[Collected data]
------------------------------------------------
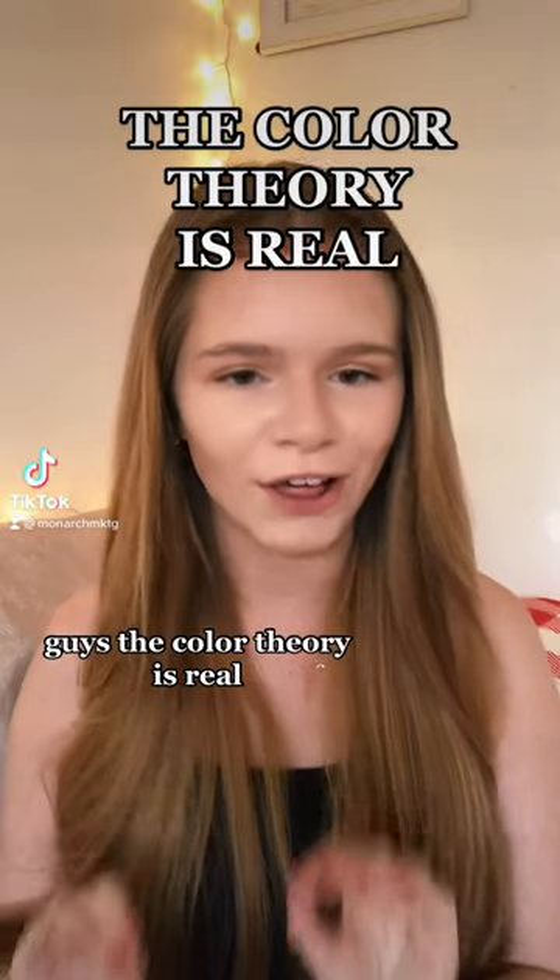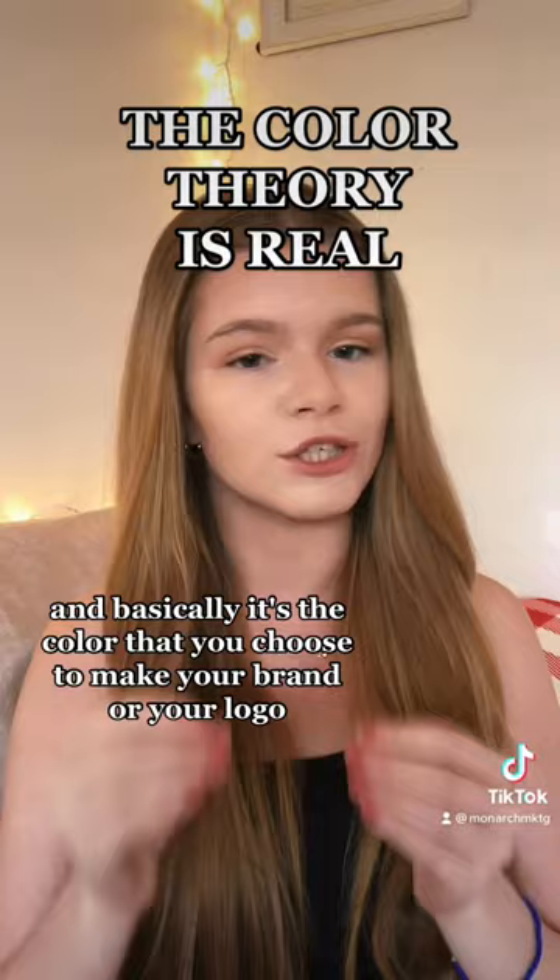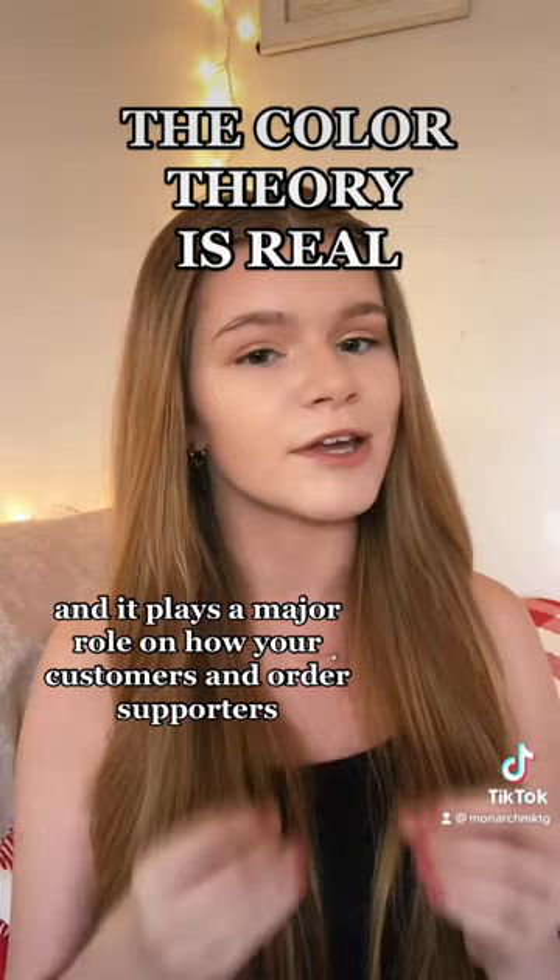Color theory is real, and if you've never heard of it, you're probably wondering what it is. Basically, it's the color that you choose to make your brand, your logo, or a specific product, and it plays a major role in how your customers and supporters view your company.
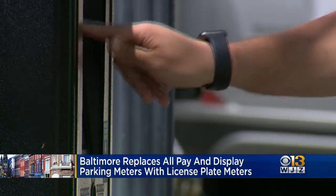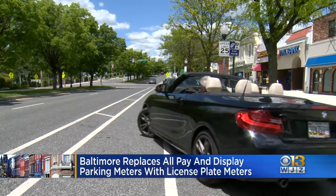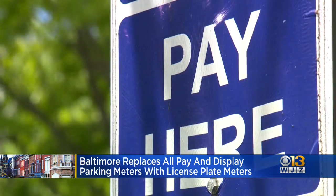Instead, you'll just use your license plate to pay. You enter your plate number into the parking meter and how long you plan to be there. Parking enforcement agents now have a new handheld device to see who has paid for that parking, so you can't cheat instead of looking for a paper receipt.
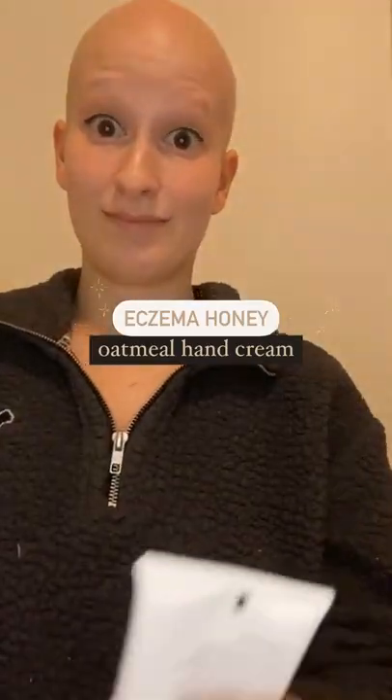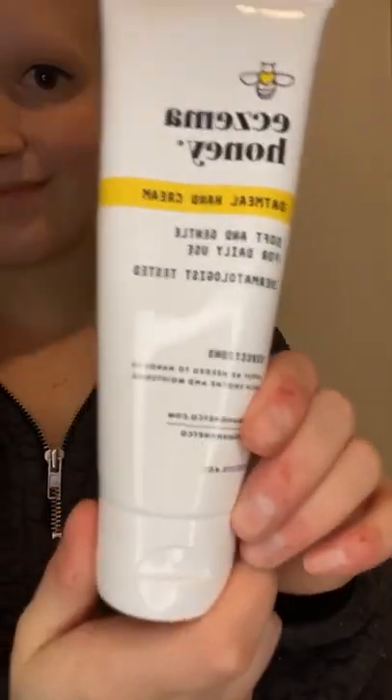Hey guys, I wanted to share with you one of my favorite hand creams. This is Eczema Honey's Oatmeal Hand Cream and it has been perfect for all my skin needs.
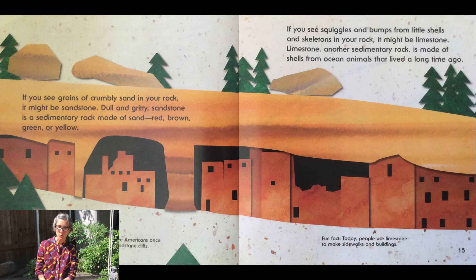If you see squiggles and bumps from little shells and skeletons in your rock, it might be limestone. Limestone is another type of sedimentary rock and it's made of shells from ocean animals that lived a long time ago. Today, people use limestone to make sidewalks and buildings.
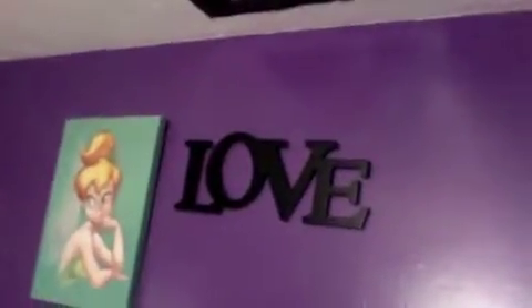Up there I have Tigger, Pooh, and Piglet, and then my box and my MacBook Pro. On my wall I just have this thing that says 'Love' and a Tinkerbell picture. I got the 'Love' thing from Jason. And on my ceiling I just have pictures of Justin Bieber.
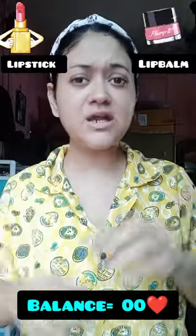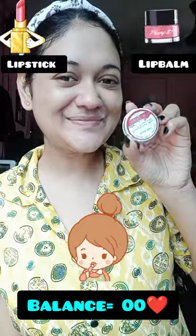Lip balm and lipstick. Lip balm. So guys, skin care products are done.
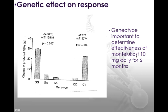One more genetic effect on response to the leukotriene inhibitor montelukast: if you give montelukast 10 milligrams for six months, FEV1 increases most with the GG genotype for ALOX5 — that's homozygous GG. It's significantly decreased for GA, the heterozygous type, and homozygous A has the poorest response.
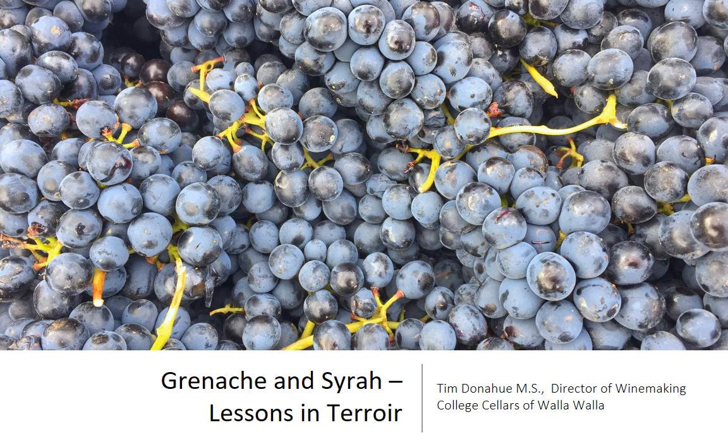All right, everybody. We're going to do a little lesson today on Grenache and Syrah. We're going to do some lessons in terroir — we're going to compare and contrast different growing sites and how that influences the taste, flavor, and character of a wine.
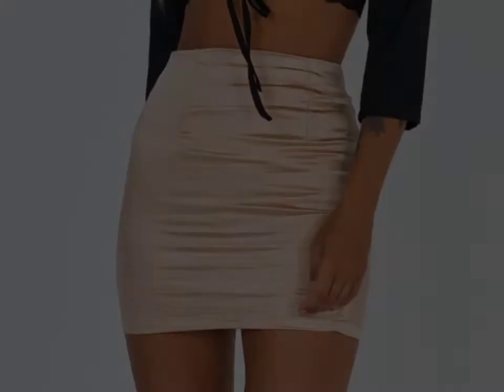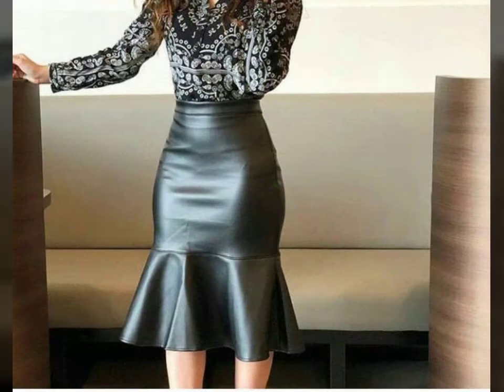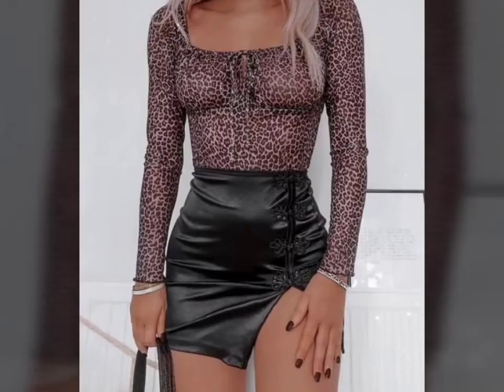Friends, I must suggest you please watch my video till the end and get design ideas from my video. This video is for those ladies who love leather latex skirts. All designs are so beautiful, stylish, and trendy. If you want to buy such types of leather latex skirts online, many websites sell these types of skirts, like www.eber.com, www.amazon.com, and www.canstudio.com. You can buy these beautiful and stylish leather latex skirts online from there.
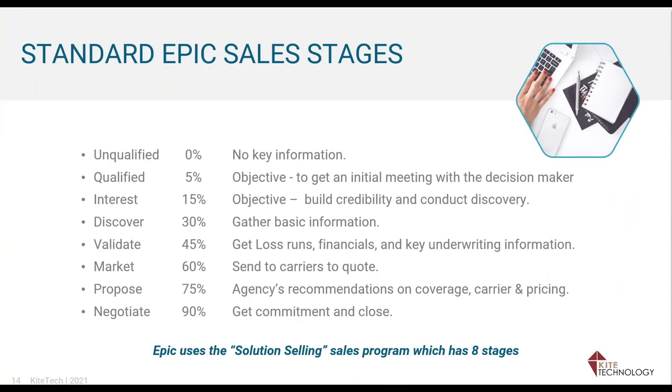What comes with Epic by default: the first stage is Unqualified, then Qualified, then Some Interest, Discovery where you gather underwriting information, Validating where you get loss runs and financials, Marketing where you have a 60% chance of closing, Proposal where you recommend coverage, and Negotiation. That's what comes with Epic based on solution selling. As a sales manager in an agency, I couldn't get my people to move through that many stages, so we focused on three to four that we actually ran reports off of.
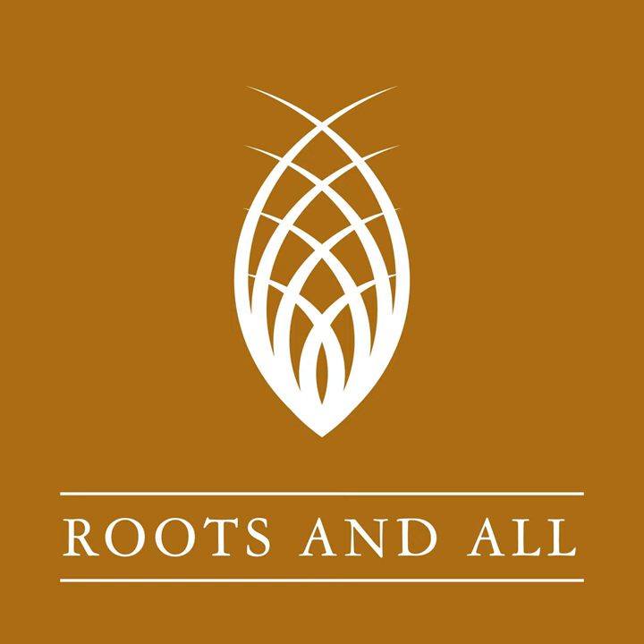You can download or listen to the podcast direct from the website rootsandall.co.uk. Please also check out my Patreon where you can make a one-off donation or take out a monthly subscription to help support the podcast — if you enjoy the show, please help it continue. I also have a GoFundMe where even a one-off donation of one pound helps. Please go to Patreon or GoFundMe and search for Roots and All Podcast.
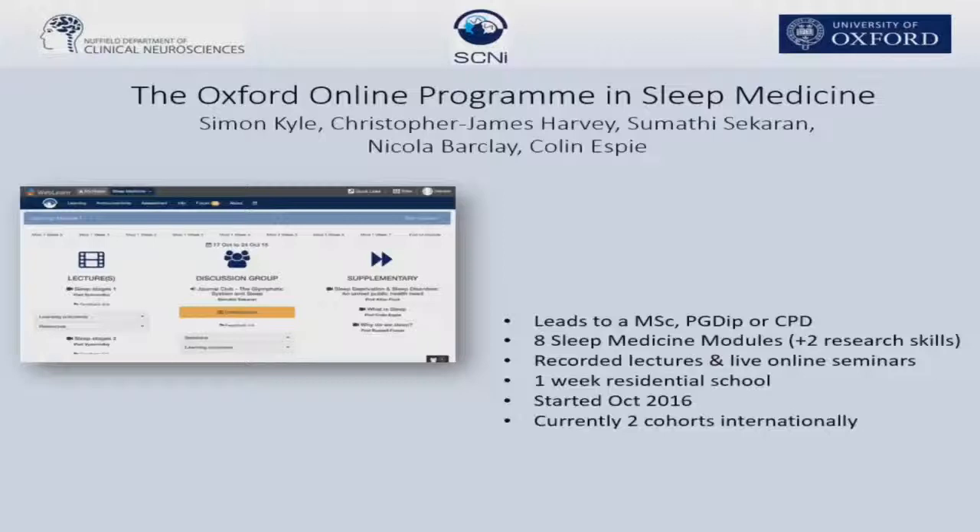We're using video extensively in this online course. What we're wanting to do is really emulate the traditional Oxford teaching style of lectures and tutorials in an online platform. And so we have over 90 hours' worth of recorded material.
------------------------------------------------
| WHAT THIS TASK INVOLVES |
Take the line containing "Friends, I must" as the first and the last line of the records as the end. Print every line in that span exactly, leaving out pictures.

| WRITTEN SOLUTION |
Friends, I must suggest you please watch my video till the end and get design ideas from my video. This video is for those ladies who love leather latex skirts. All designs are so beautiful, stylish, and trendy. If you want to buy such types of leather latex skirts online, many websites sell these types of skirts, like www.eber.com, www.amazon.com, and www.canstudio.com. You can buy these beautiful and stylish leather latex skirts online from there.
What comes with Epic by default: the first stage is Unqualified, then Qualified, then Some Interest, Discovery where you gather underwriting information, Validating where you get loss runs and financials, Marketing where you have a 60% chance of closing, Proposal where you recommend coverage, and Negotiation. That's what comes with Epic based on solution selling. As a sales manager in an agency, I couldn't get my people to move through that many stages, so we focused on three to four that we actually ran reports off of.
You can download or listen to the podcast direct from the website rootsandall.co.uk. Please also check out my Patreon where you can make a one-off donation or take out a monthly subscription to help support the podcast — if you enjoy the show, please help it continue. I also have a GoFundMe where even a one-off donation of one pound helps. Please go to Patreon or GoFundMe and search for Roots and All Podcast.
We're using video extensively in this online course. What we're wanting to do is really emulate the traditional Oxford teaching style of lectures and tutorials in an online platform. And so we have over 90 hours' worth of recorded material.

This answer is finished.